Bug 1081159

Summary: L3 agent restart causes network outage
Product: Red Hat OpenStack Reporter: Dave Sullivan <dsulliva>
Component: openstack-neutronAssignee: Jakub Libosvar <jlibosva>
Status: CLOSED ERRATA QA Contact: Ofer Blaut <oblaut>
Severity: high Docs Contact:
Priority: high    
Version: 4.0CC: breeler, chrisw, dmaley, dsulliva, jlibosva, lpeer, majopela, mnewby, nyechiel, sputhenp, yeylon
Target Milestone: z4Keywords: ZStream
Target Release: 4.0Flags: lpeer: needinfo+
Hardware: Unspecified   
OS: Unspecified   
Whiteboard:
Fixed In Version: openstack-neutron-2013.2.3-4.el6ost Doc Type: Bug Fix
Doc Text:
Cause: qrouter namespaces were destroyed and recreated during an L3 agent start. Consequence: Ongoing traffic was lost due to missing NAT rules in destroyed namespace. Fix: Namespaces in use are preserved during agent start. Result: Restarting L3 agent has no influence on ongoing traffic via router namespaces.
Story Points: ---
Clone Of: Environment:
Last Closed: 2014-05-29 20:19:34 UTC Type: Bug
Regression: --- Mount Type: ---
Documentation: --- CRM:
Verified Versions: Category: ---
oVirt Team: --- RHEL 7.3 requirements from Atomic Host:
Cloudforms Team: --- Target Upstream Version:
Embargoed:

Description Dave Sullivan 2014-03-26 16:37:18 UTC
Description of problem:

L3 Network Drops - Floating IP's are not Accessible

Even if neutron services are restarted on management node, floating IP's are not accessible.

Tenants need to restart their instances and then things work.  

Need to determine cause of initial l3 outage.

Appears to be an upstream BZ noted here

https://bugs.launchpad.net/neutron/+bug/1175695

Version-Release number of selected component (if applicable):

current RHOS 4

Comment 2 Maru Newby 2014-03-28 23:04:17 UTC
The upstream bug looks like the probably cause.  The next step 
is cherry-picking the fix for inclusion in stable/havana and figuring out if we can rely on the next sync or we need to manually backport to RHOS.

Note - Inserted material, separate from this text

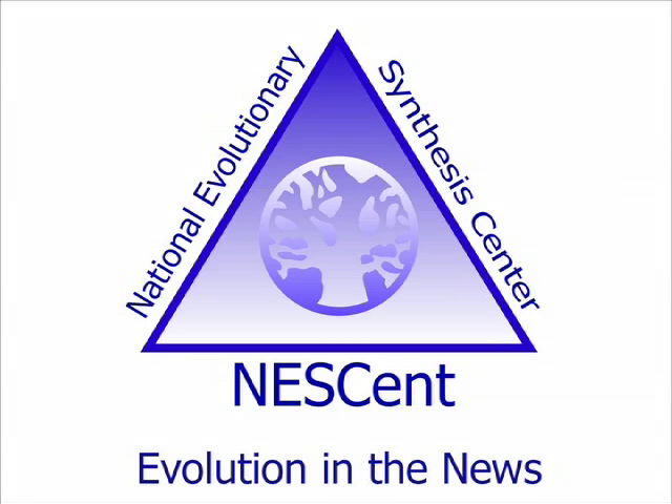From the National Evolutionary Synthesis Center and Understanding Evolution, this is the Evolution in the News story for May 2008. I'm Kristen Jenkins.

Comment 3 Ofer Blaut 2014-03-31 08:42:11 UTC
I Have tested on Havana A3 using distributed system 

openstack-neutron-2013.2.2-5.el6ost.noarch

1. I have stopped L3 agent 
2. qrouter namespace is still up, and traffic to floating ip works 
3. while starting  L3 agent traffic stops for ~ 25 seconds  and resume later

[root@puma05 ~]# ip netns | grep qrouter
qrouter-69cf3535-2960-4b11-8e3a-da37c3331f01
[root@puma05 ~]# service neutron-l3-agent stop
Stopping neutron-l3-agent:                                 [  OK  ]
[root@puma05 ~]# ip netns | grep qrouter
qrouter-69cf3535-2960-4b11-8e3a-da37c3331f01
[root@puma05 ~]# openstack-status 
== neutron services ==
neutron-server:                         inactive  (disabled on boot)
neutron-dhcp-agent:                     active
neutron-l3-agent:                       inactive
neutron-metadata-agent:                 active
neutron-lbaas-agent:                    inactive  (disabled on boot)
neutron-openvswitch-agent:              active
== Support services ==
openvswitch:                            active
messagebus:                             active

Comment 10 Ofer Blaut 2014-04-22 10:33:30 UTC
tested by service neutron-l3-agent restart

I have run ping -ni 0.01 <floating ip>  and no packet is lost 

openstack-neutron-2013.2.3-4.el6ost.noarch

Comment 12 errata-xmlrpc 2014-05-29 20:19:34 UTC
Since the problem described in this bug report should be
resolved in a recent advisory, it has been closed with a
resolution of ERRATA.

For information on the advisory, and where to find the updated
files, follow the link below.

If the solution does not work for you, open a new bug report.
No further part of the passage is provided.